Ci sono i grandi temi del nostro tempo, declinati nella prospettiva toscana, al centro del documento “Proposte di interventi su lavoro, ambiente e welfare per la regione Toscana” redatto dalla Conferenza Episcopale Toscana, indirizzato alle autorità regionali e presentato ieri dall’arcivescovo di Siena, nonché presidente della CET Augusto Paolo Lojudice, dal cardinale di Prato Giovanni Nerbini, e da Guido Pratesi dell’Ufficio CET per la pastorale sociale e il lavoro.

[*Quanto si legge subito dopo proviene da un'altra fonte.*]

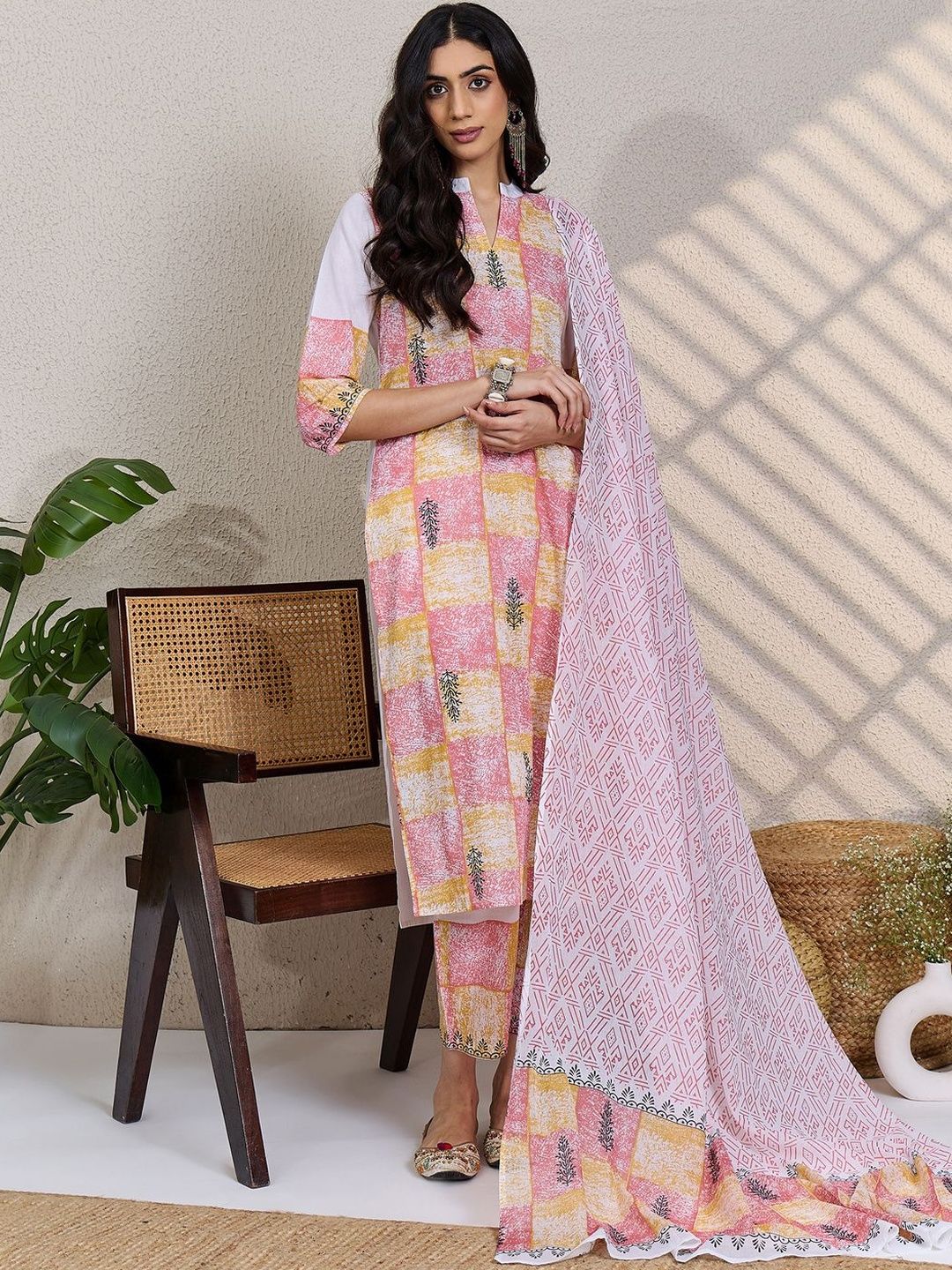 Women Ethnic Motifs Printed Regular Pure Cotton Kurta with Trousers & Dupatta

Il documento contenente le proposte è stato consegnato alla neo presidente del Consiglio regionale della Toscana Stefania Saccardi, ma è stato inviato anche al presidente della Regione Toscana Eugenio Giani e a tutti i consiglieri, sia di maggioranza che di opposizione.

A partire dal ruolo del lavoro, per il quale i cardinali chiedono una svolta culturale che “metta al centro la persona e non la produttività” contro sfruttamento e precariato. Ma anche la sanità, con la necessità di potenziamento della rete territoriale pubblica affinché nessuno venga lasciato indietro, l’ambiente e in particolare la gestione dei rifiuti e le fragilità del territorio toscano, fino alla crisi abitativa che si abbatte soprattutto su giovani e famiglie più vulnerabili, per i quali c’è bisogno di un nuovo piano di alloggi popolari.

“La Toscana, con le sue tradizioni civili, culturali e spirituali, ha le risorse per costruire un’economia umana e relazionale. Solo una Toscana che mette la persona al centro, dice la Conferenza Episcopale Toscana, potrà generare davvero futuro” si conclude il documento.